>>

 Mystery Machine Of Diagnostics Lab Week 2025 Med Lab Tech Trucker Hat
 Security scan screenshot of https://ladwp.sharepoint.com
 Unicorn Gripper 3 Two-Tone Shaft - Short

<<
>>

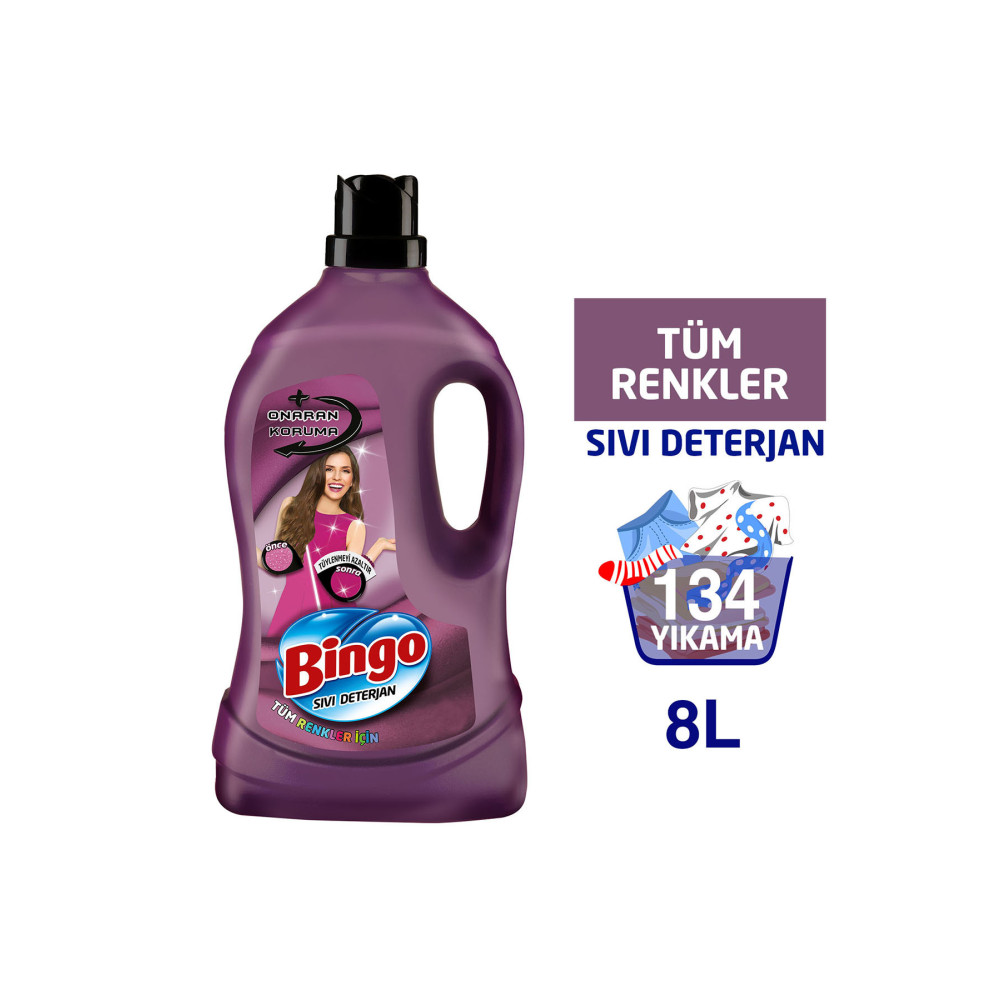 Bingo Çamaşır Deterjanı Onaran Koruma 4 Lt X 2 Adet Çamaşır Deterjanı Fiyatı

<<

Problem description: Please write out, exactly as they appear above, only the lines in the stretch from the line with "Security scan screenshot" through the line with "Unicorn Gripper 3 Two-Tone Shaft - Short".

Answer for the task:
 Security scan screenshot of https://ladwp.sharepoint.com
 Unicorn Gripper 3 Two-Tone Shaft - Short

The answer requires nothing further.